Brief descriptive captions
<<<<
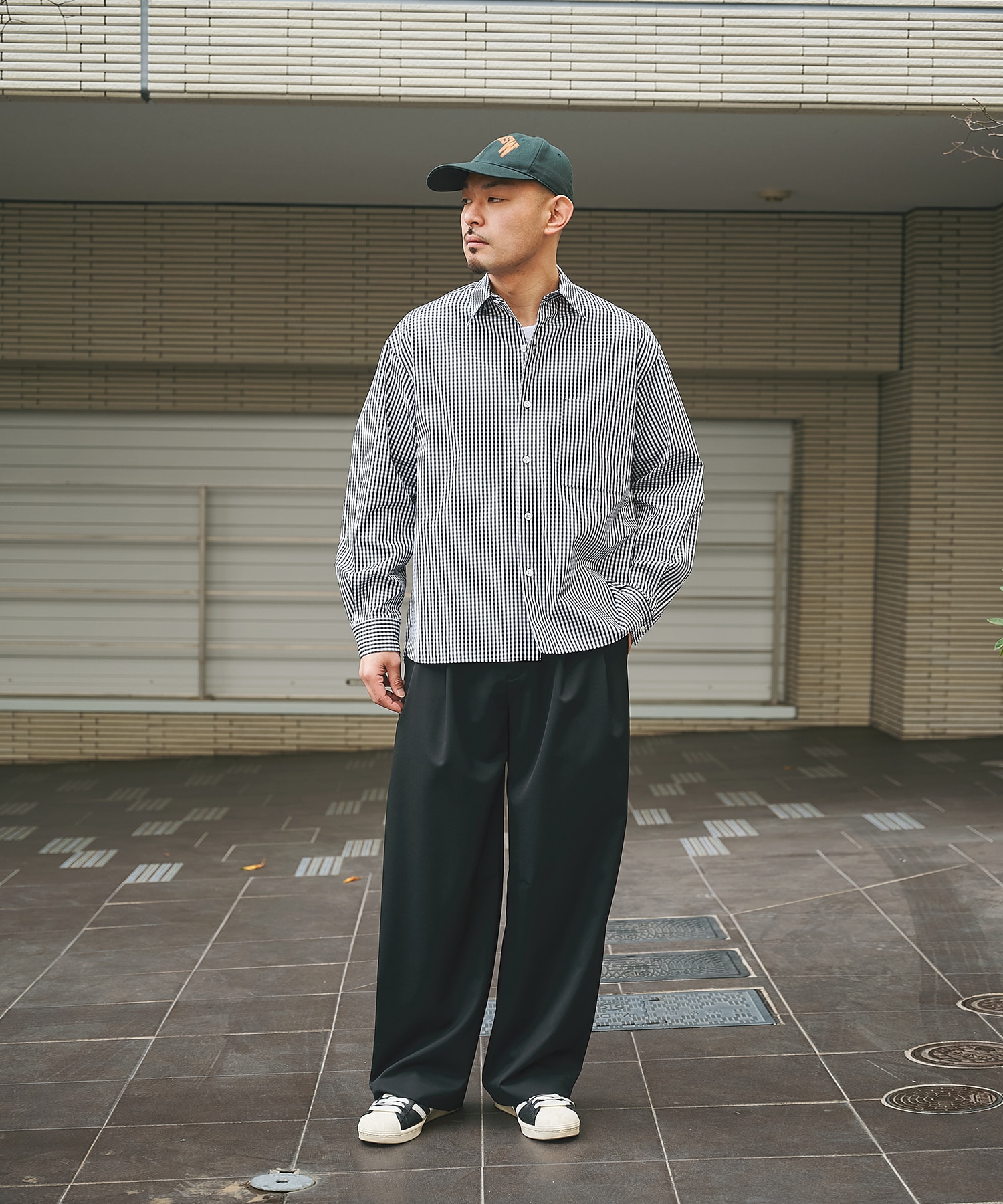 2Tuck Curve Slacks STUDIOUS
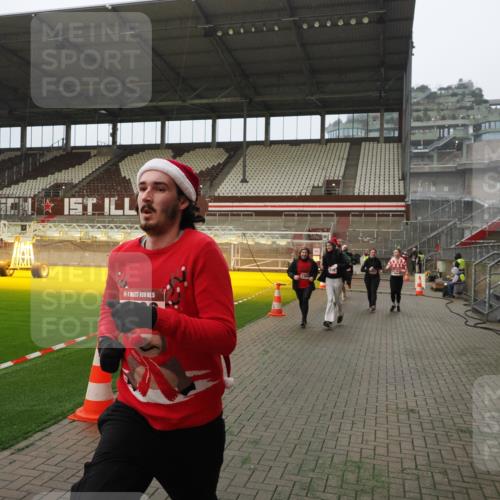 07.12.2025 - St. Pauli X-Mass-Run No. 15 Fabian Wolf http://msf.ph/oto/9389161 07.12.2025 10:21:08 Ziel 1386, 1407, 1898, 1900, 2565, 3984, 4338 meine-sportfotos.de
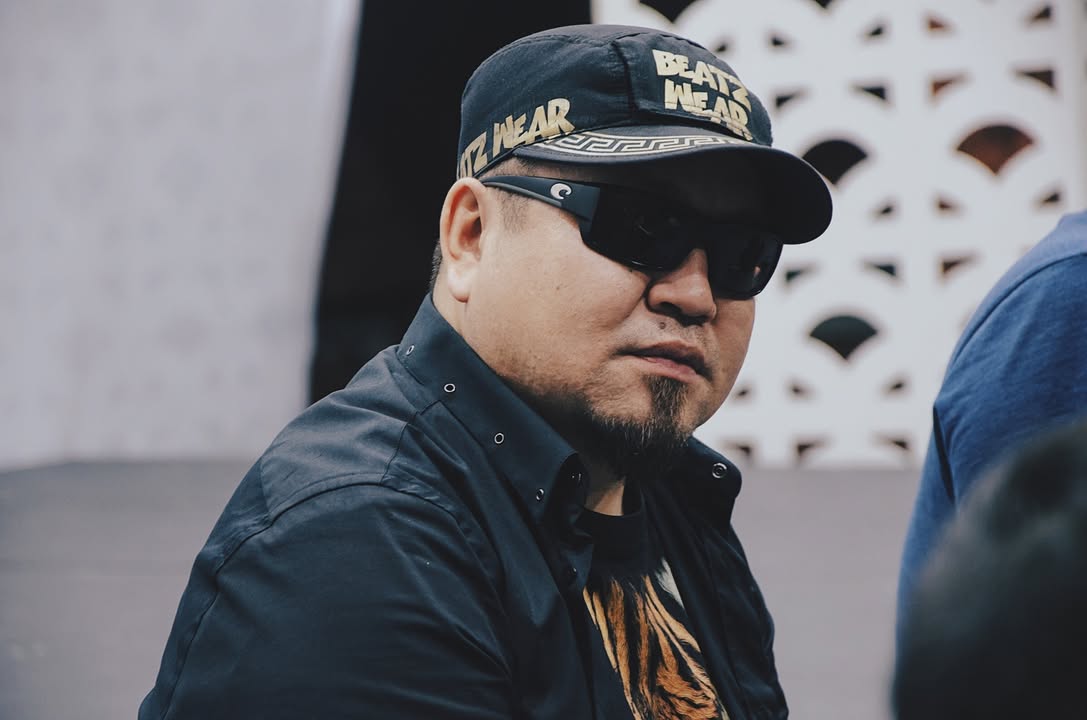 MC Beatz: Фэйсбүүкийг хаах нь Монголын цахим орчны асуудлыг шийдэх нэг арга байж болох юм MC Beatz: Фэйсбүүкийг хаах нь Монголын цахим орчны асуудлыг шийдэх нэг арга байж болох юм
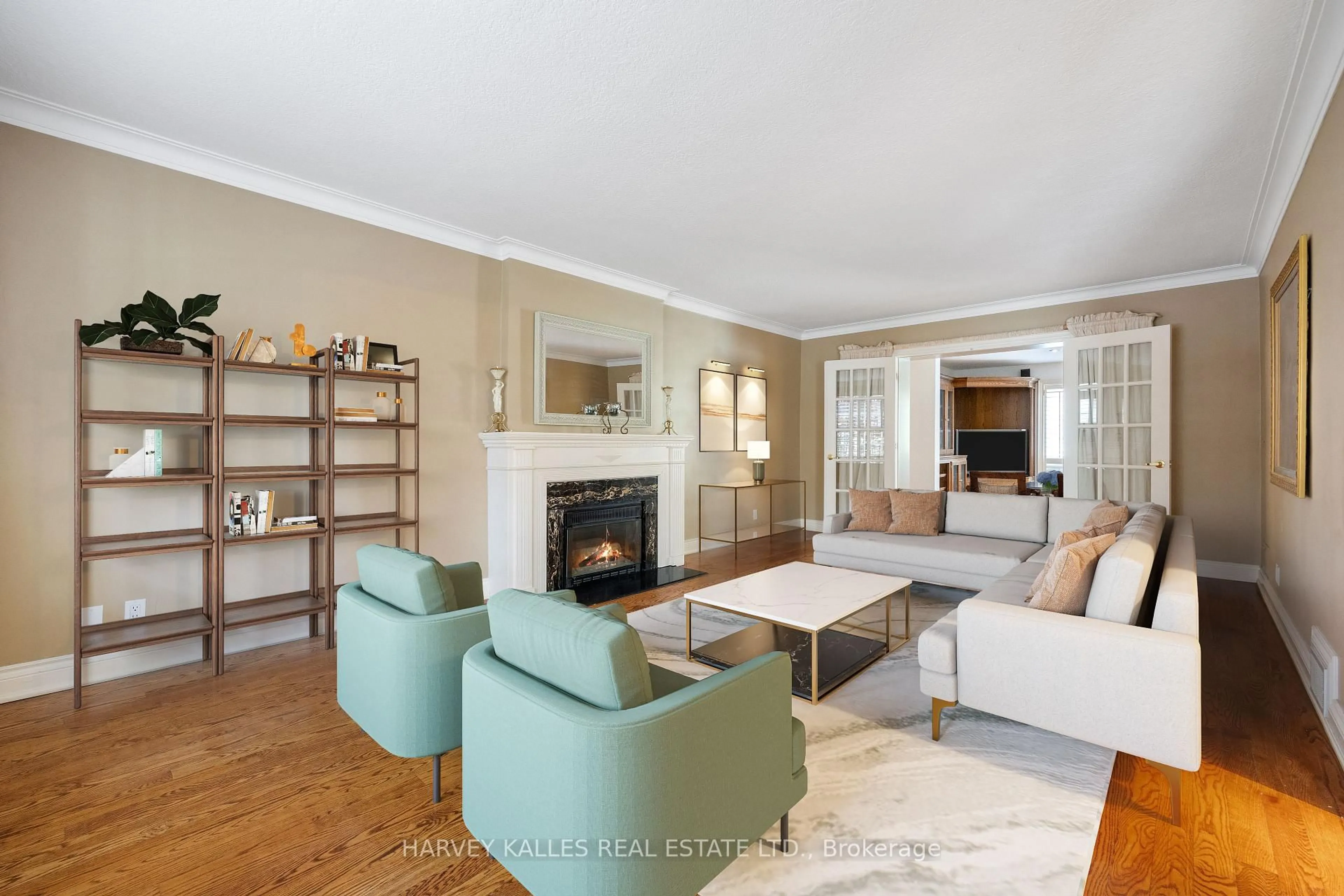 Living room with furniture, unknown for 26 Forest Ridge Dr, Toronto Ontario M6B 1H3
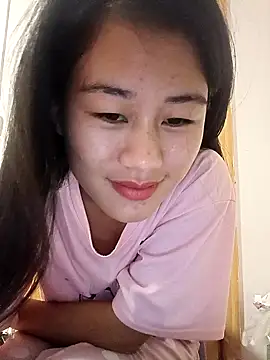 luy-xinh02 online show from 11/16/25, 12:44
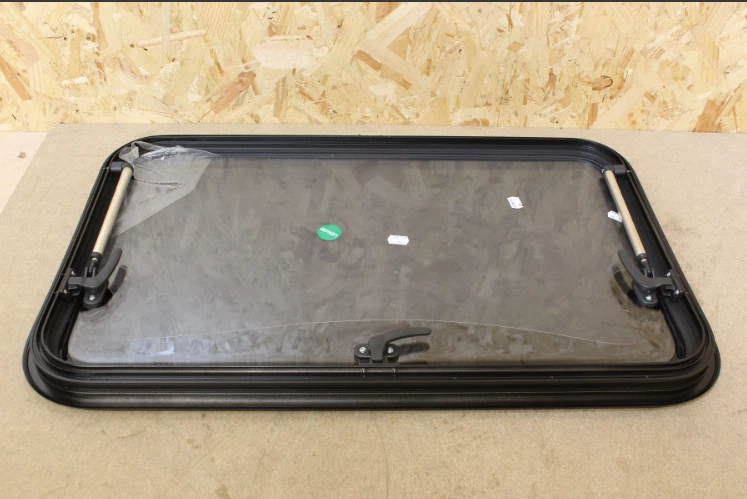 New Genuine Left sliding door hinged window 777 x 492 VW Crafter 7C4845211 2017+ - Image 4 of 4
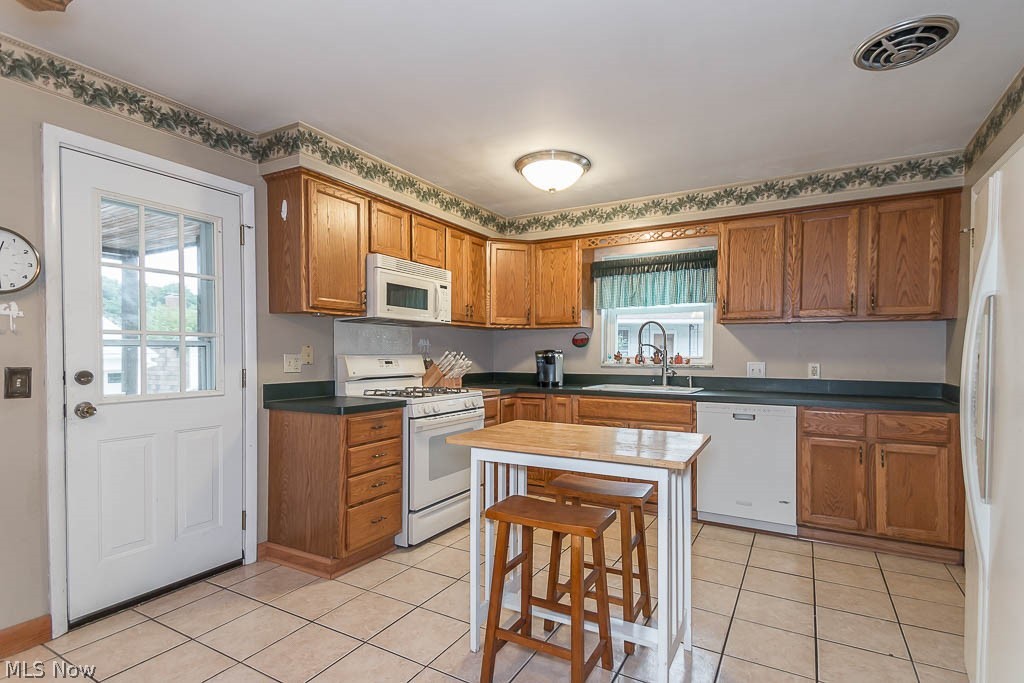 29180 Ridge Road Wickliffe, OH 44092 - Photo 3 of 27 Gallery Image 3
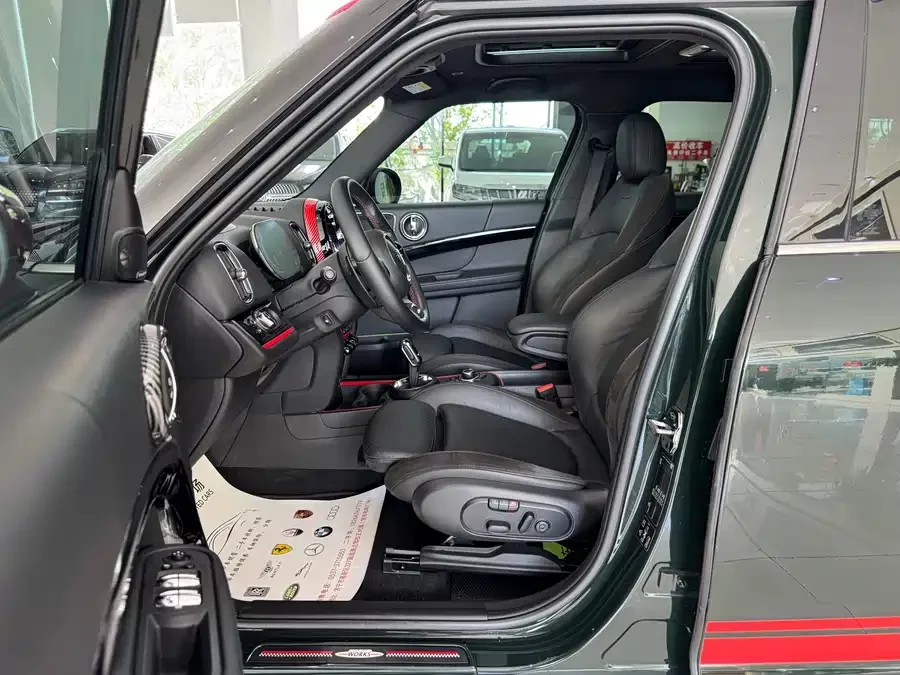 MINI JCW COUNTRYMAN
>>>>
• _EXERCISE GOAL_: Reproduce, word for word, the lines from the one containing "New Genuine Left" through the final line above. Leave every picture out.

• _RESPONSE TO THIS TASK_:
 New Genuine Left sliding door hinged window 777 x 492 VW Crafter 7C4845211 2017+ - Image 4 of 4
 29180 Ridge Road Wickliffe, OH 44092 - Photo 3 of 27 Gallery Image 3
 MINI JCW COUNTRYMAN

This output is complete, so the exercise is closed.